If a moderate amount of exercise can stimulate your immune system, will longer or more vigorous exercise have a greater effect? Or can it actually weaken your immune system?
That’s a question that’s been hotly debated for years, and as with many questions in the field of science, there isn’t exactly a consensus on the answer. According to Nieman, vigorous exercise of a long duration—think 90 minutes or more, like you’re racing a half marathon or a marathon—starts to over-stress your immune system, which can temporarily impair its ability to do its job and leave you more vulnerable to infection during this time. That’s what’s known as the open window hypothesis. (HIIT, on the other hand, isn’t linked to such immune suppression even though it involves super-intense work, probably because of its rest intervals and shorter overall duration, Nieman says.)
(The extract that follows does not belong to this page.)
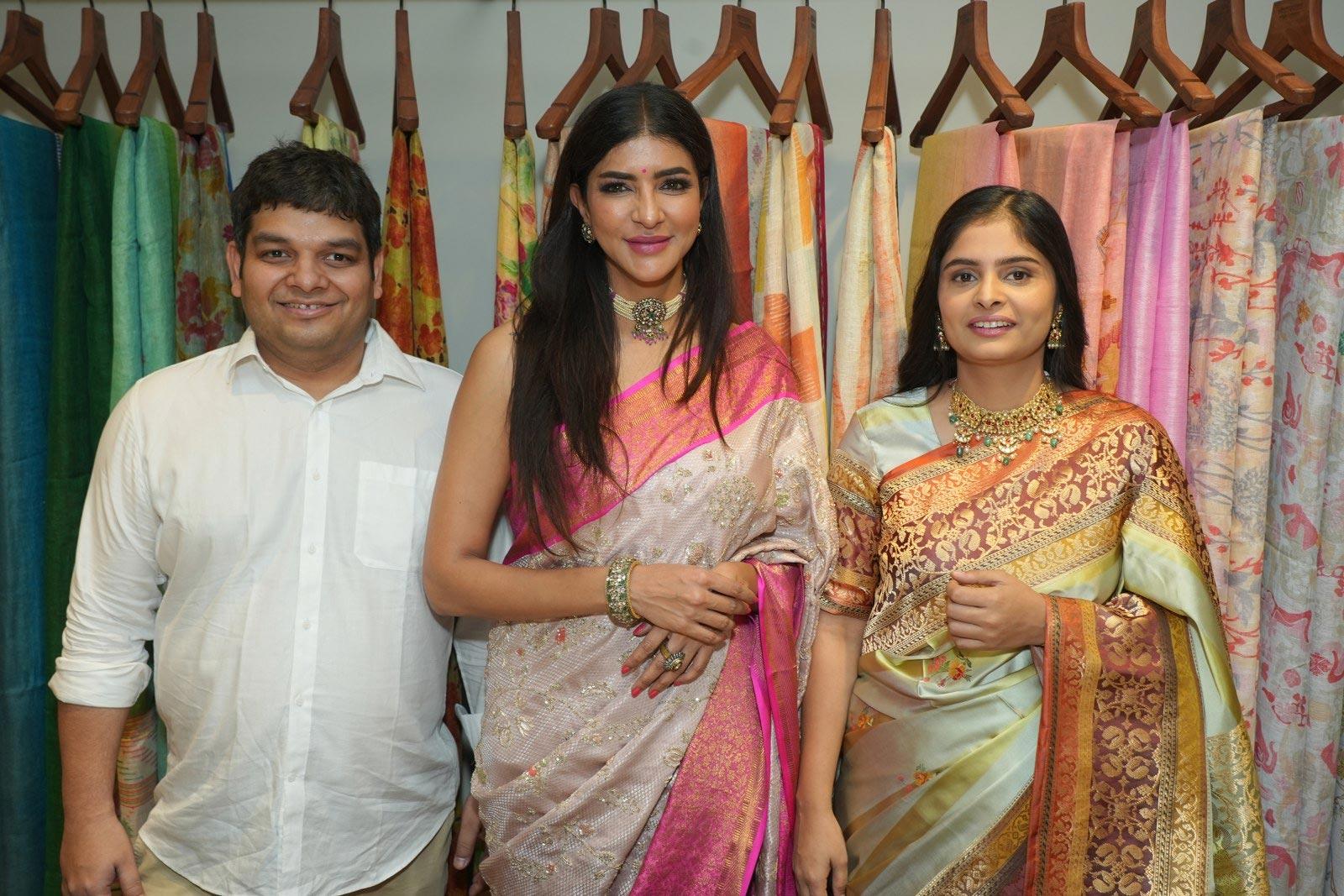 Lakshmi Manchu Inaugurates The Antora Store by Designer Geetanjali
Now, evidence does show that some elite athletes get sick with upper respiratory infections (URI) after competition, but Turner and other experts argue that it’s not exactly the exercise that’s to blame: “It is misleading to conclude from existing evidence that exercise is the causative factor of URI among athletes,” Turner’s team wrote in a new debate paper on exercise and immune suppression published in Exercise and Immunology Review this year. After all, Turner tells SELF, even though some immune cell counts are lower after intense exercise, it isn’t because they’ve died off—they’ve just gone off to other tissues in the body to continue their infection patrol.
The more likely reason for sickness after intense competition like marathons—whether for elite athletes or recreational exercisers—Turner believes, is not just about the exercise. It likely also has to do with the environment, he says. Think of marathon corrals at the starting line at big-city races: They’re shoulder-to-shoulder people, and the course itself doesn’t really clear up much after, either.
“You are exposed to thousands of people there,” Turner says—so those who are sick with viral or bacterial infections can subsequently transmit them to you. That can be directly through nasal droplets that enter your nose or mouth, like through another person’s cough or sneeze, or by touching a surface that a person who is sick has touched and then touching your own mouth, nose, or eyes.
Those mass-participation events can obviously be a nightmare for virus spread—which is why races like the Boston Marathon have postponed their competition among coronavirus fears (even before the state’s stay-at-home advisory was issued)—but they’re not the only factor likely involved, either. Other issues that could cause immune suppression could have been at play leading up to the big event too.
“Everything is multifactorial with the body and with the immune system,” says Nieman. “The physiological effects of heavy exertion on the immune system is one factor, but then if they travel and get on planes, then they don’t sleep well, that introduces other stressors to the immune system. And then if they are undergoing psychological stress, that’s another one.”